[PROMPT] If a picture appears in the records, skip it; copy everything else exactly.

[SUPPLIED DATA]

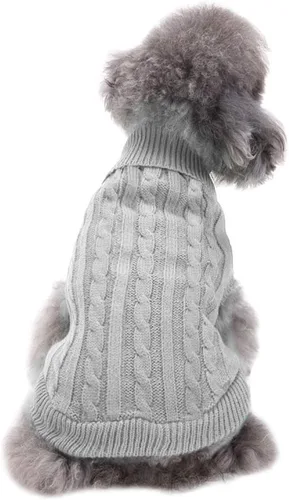 Miniatura 21 de Suéteres tejidos para perros pequeños, sudadera cálida para mascotas y gatos, ropa de invierno, suéter para gatitos y cachorros (Grande, azul claro)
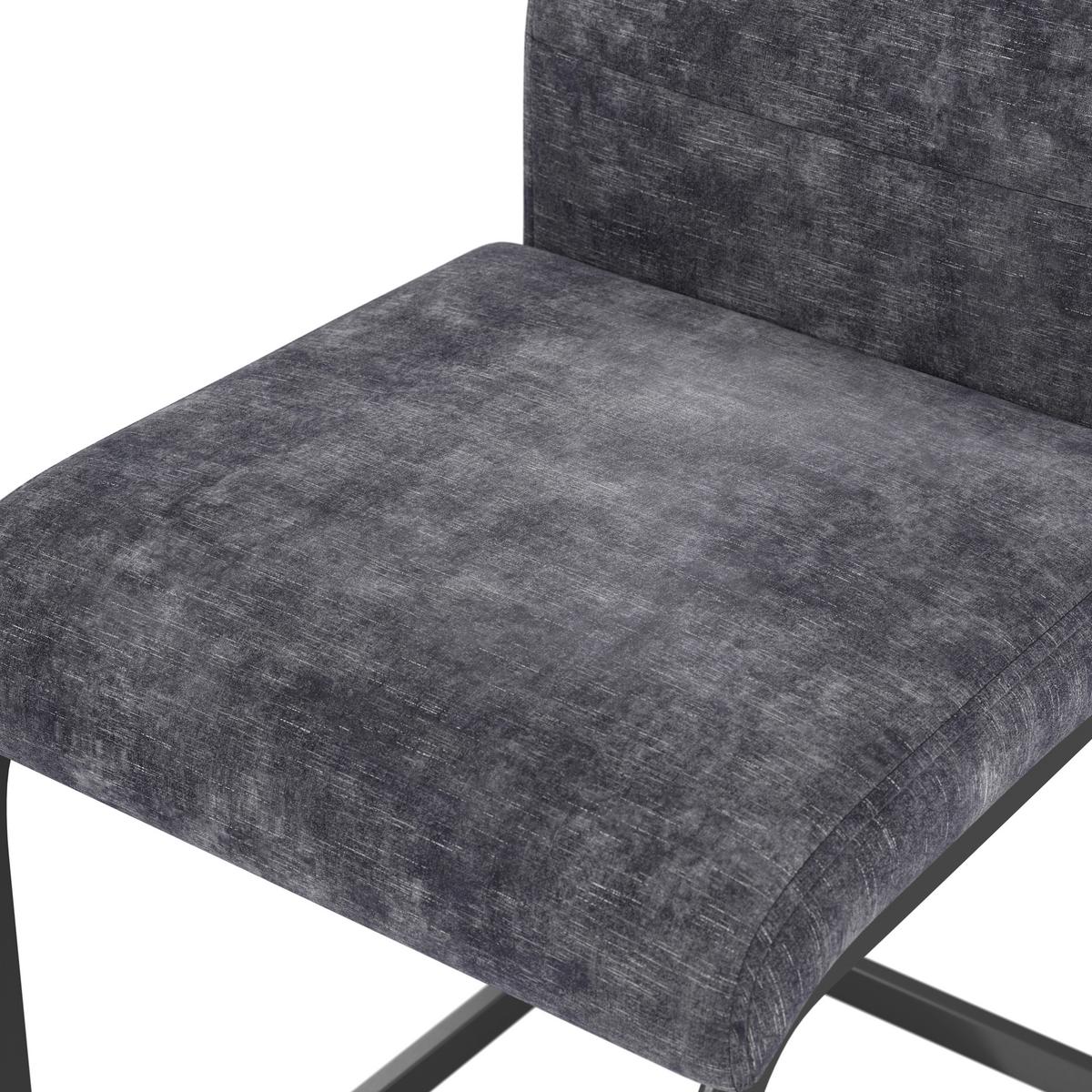 Schwingstuhl Melbourne Grau gepolstert - Schwarz/Grau, MODERN, Textil/Metall (44/101/58cm)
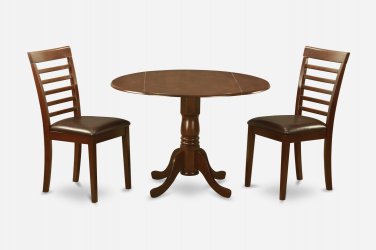 3PC Dublin round table w/ drop leaf +2 Milan leather seat chairs in mahogany. SKU: DMI3-MAH-LC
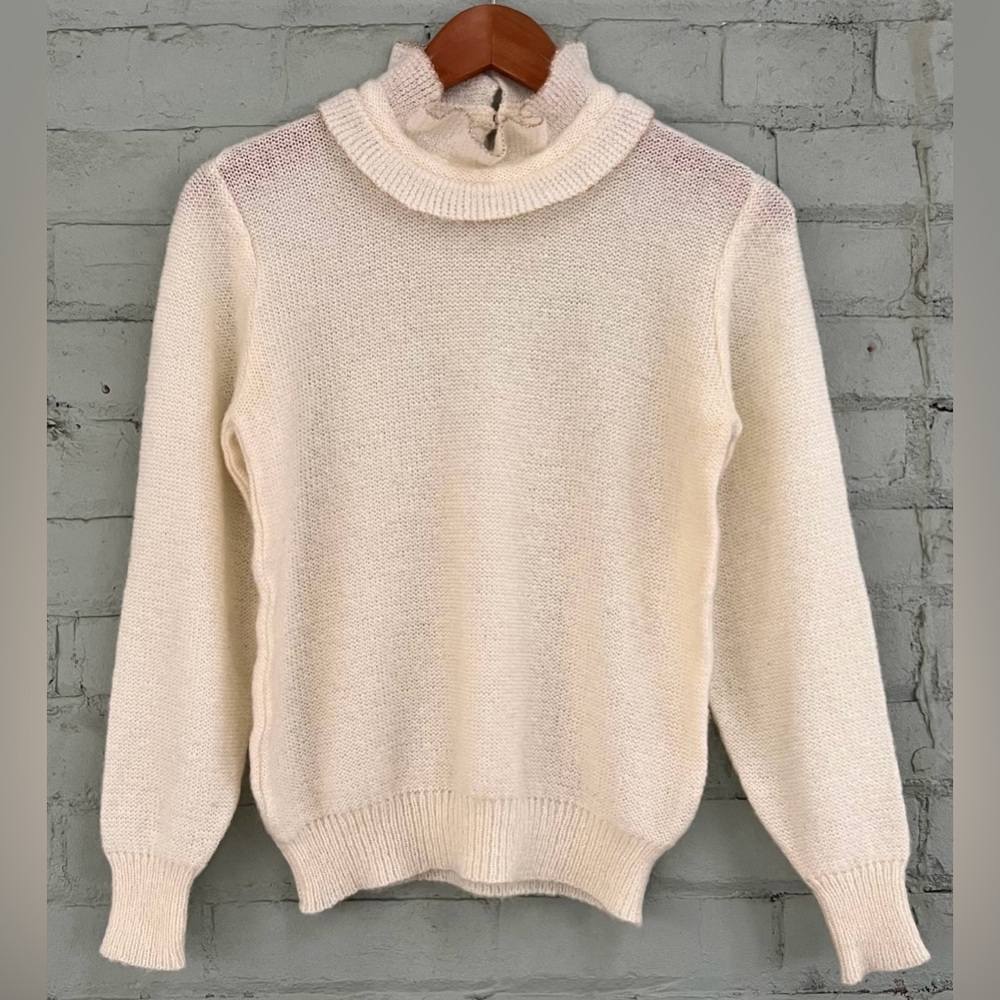 Vintage Cream Ruffle Neck Sweater with Gold Trim Accent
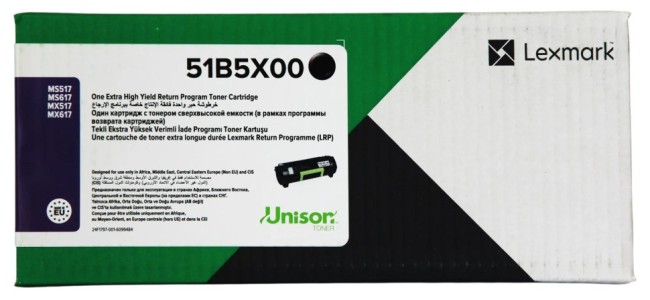 Картридж Lexmark 51B5X00/ 51B0XA0 оригинальный для Lexmark MS517/ MS617/ MX517/ MX617, чёрный, увеличенный, 20000 стр.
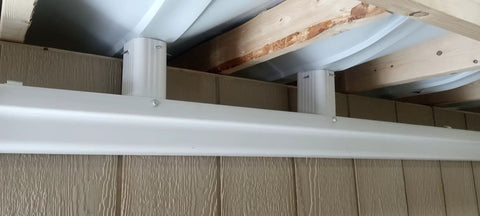 Dry Under Deck Drainage System Roll For 50 Feet, Fits 12 Inch Joists, 30 Mil Thick Black Trough Top, White Downside, Easy On Top Of Joists Install, Self Sealing Tape Joints, Screw Downspouts For Quick Water Evacuation And Dry Storage
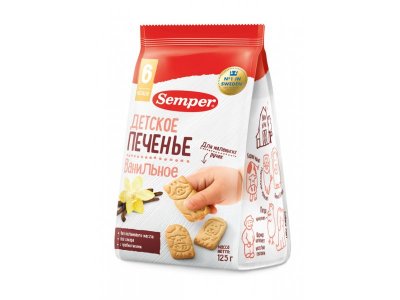 Печенье Semper детское, Ванильное NaturBalance 125 г 1-00165653_1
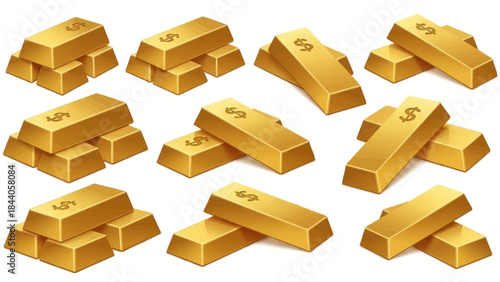 Stacks of gold bars with dollar signs on white background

[TASK OUTPUT]
 Miniatura 21 de Suéteres tejidos para perros pequeños, sudadera cálida para mascotas y gatos, ropa de invierno, suéter para gatitos y cachorros (Grande, azul claro)
 Schwingstuhl Melbourne Grau gepolstert - Schwarz/Grau, MODERN, Textil/Metall (44/101/58cm)
 3PC Dublin round table w/ drop leaf +2 Milan leather seat chairs in mahogany. SKU: DMI3-MAH-LC
 Vintage Cream Ruffle Neck Sweater with Gold Trim Accent
 Картридж Lexmark 51B5X00/ 51B0XA0 оригинальный для Lexmark MS517/ MS617/ MX517/ MX617, чёрный, увеличенный, 20000 стр.
 Dry Under Deck Drainage System Roll For 50 Feet, Fits 12 Inch Joists, 30 Mil Thick Black Trough Top, White Downside, Easy On Top Of Joists Install, Self Sealing Tape Joints, Screw Downspouts For Quick Water Evacuation And Dry Storage
 Печенье Semper детское, Ванильное NaturBalance 125 г 1-00165653_1
 Stacks of gold bars with dollar signs on white background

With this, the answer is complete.